The new gardening year started with a drenching — here in the foothills of our rural suburb, over 200 mm (around 8 inches) of rain fell in just 24 hours on the very first day of 2026. Almost instantly, little streams and tiny waterfalls popped up all around our property as the already sodden ground struggled to absorb the downpour. 


On our sloping block, that meant a surprising amount of run-off: water finding every low point, carving temporary channels, and reminding me (again) that wet season gardening isn’t just about the plants — it’s about the land itself and how it moves water.  Work continued throughout the start of the year on the creation of diversion banks and channels along our fence line to allow the wet season run-off to flow onto the bush paddock without causing erosion in our front yard.


Wet Season 2026

The runoff channels / diversion bank work

Compared to ...

Wet Season 2024

The front yard being carved up by the wet season deluge


The months of January and February in my coastal dry tropics garden are always a bit of a paradox: this is the time of year when everything looks like it should be thriving, given the amount of rain … and yet it’s also when you discover which plants only ever loved you in the mild months.


Summer 2026 brought the full wet-season energy to Townsville - hot, humid, and oppressive conditions with excruciatingly high daytime temps., very warm nights, exceedingly steamy mornings, short and intense afternoon thunderstorms, sudden downpours that feel like someone tipped a bucket over the sky, and that familiar rhythm of “it’s fine… it’s fine… oh wow, it’s really not fine.”


The sound of rain on the corrugated tin roof after a long dry season is one of my favourite sounds
... but the initial love does fade during a lengthy wet season!


The weather story (aka: why the pots sulked)

Looking at the Townsville Aero Weather Station daily observations, January 2026 delivered a hefty 657.2 mm (26 ins.) of rain in total, with a biggest daily fall recorded at 223.0 mm (9 ins.).
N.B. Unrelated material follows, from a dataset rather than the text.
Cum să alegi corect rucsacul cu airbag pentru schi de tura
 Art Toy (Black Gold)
That’s the sort of month where you stop “watering” and start “triaging.”


February stayed firmly in wet-season mode too, with 353.8 mm (14 ins.) recorded for the month. Still humid, still lush, still plenty of moisture around - just with a little more breathing space between the soaking events.


In the garden at my place, that translated to:

  • potting mix staying wet for days (even the “free draining” stuff)
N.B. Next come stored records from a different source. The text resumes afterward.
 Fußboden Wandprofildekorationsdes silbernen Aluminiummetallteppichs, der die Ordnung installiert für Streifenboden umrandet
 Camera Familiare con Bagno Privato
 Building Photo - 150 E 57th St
  • leaves and mulch that never quite dried out, especially in crowded corners

  • fungal spots and stem rot waiting for one overcast week to make their move

  • and that tricky combo of heat + humidity where plants can look fine… right up until they don’t!


One of the potted plants moved to the "Wet Season Triage Corner"
- a soggy pot, a rotting plant, and lots of lovely mould 


The reality check: garden time was… patchy

One of the most defining things about January and February this year (and most years) wasn’t just what the wet season did to the plants - it was what it did to my ability to be out there with them.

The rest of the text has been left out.